Listed entries —

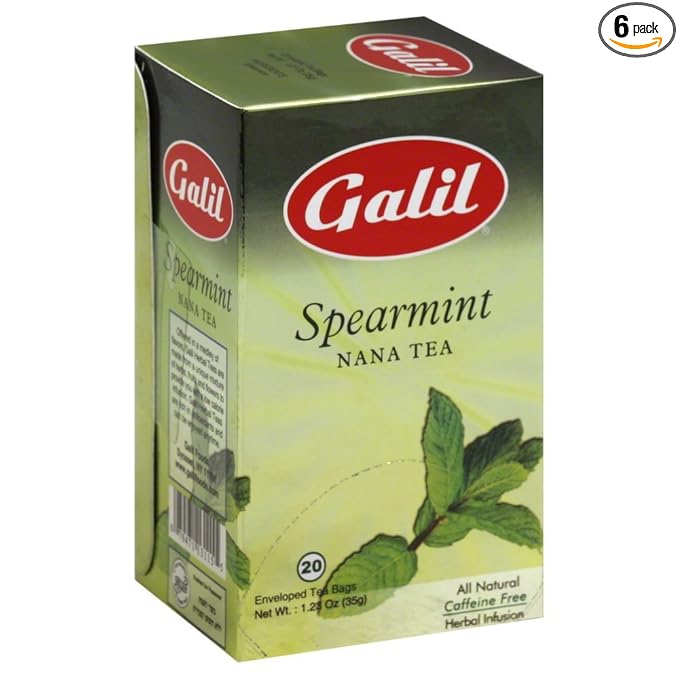 Galil Spearmint Tea - Caffeine-Free Herbal Tea Certified Kosher – Non-GMO Pack of 6 20 Bags Each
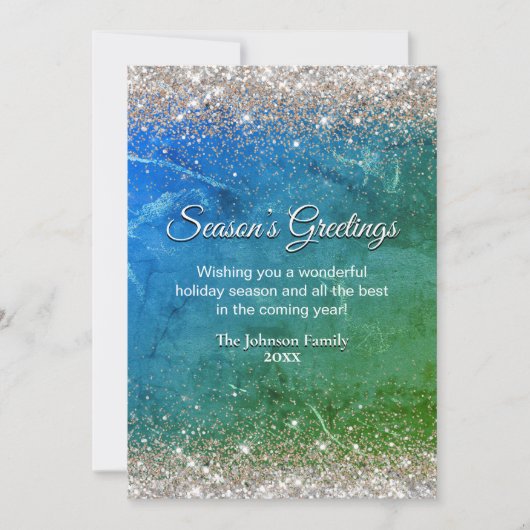 シックなグリーンブルー金ゴールドグリッタークリスマス新年 (正面)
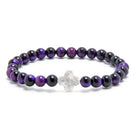6mm Purple Tiger Eye Stretch Bracelet with Mother of Pearl Clover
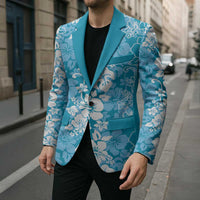 Hawaiian Lei Day Blazer Blue Hibiscus Flowers Lei Art LT9 - Polynesian Pride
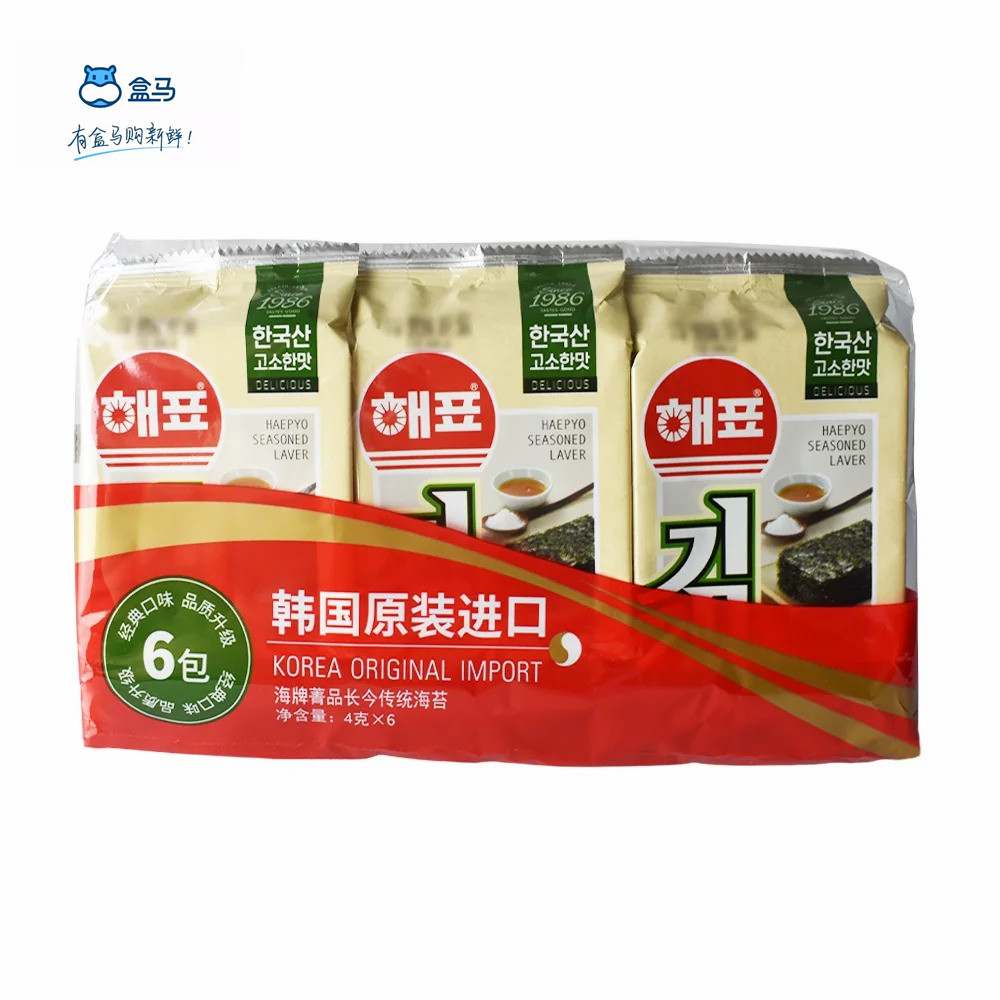 盒马海牌长今韩国进口传统海苔4g*6袋装即食海苔片休闲零食小吃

Exercise instructions — Every line of the data is to be transcribed exactly, and no picture is to be included.

Written answer —
 Galil Spearmint Tea - Caffeine-Free Herbal Tea Certified Kosher – Non-GMO Pack of 6 20 Bags Each
 シックなグリーンブルー金ゴールドグリッタークリスマス新年 (正面)
6mm Purple Tiger Eye Stretch Bracelet with Mother of Pearl Clover
 Hawaiian Lei Day Blazer Blue Hibiscus Flowers Lei Art LT9 - Polynesian Pride
 盒马海牌长今韩国进口传统海苔4g*6袋装即食海苔片休闲零食小吃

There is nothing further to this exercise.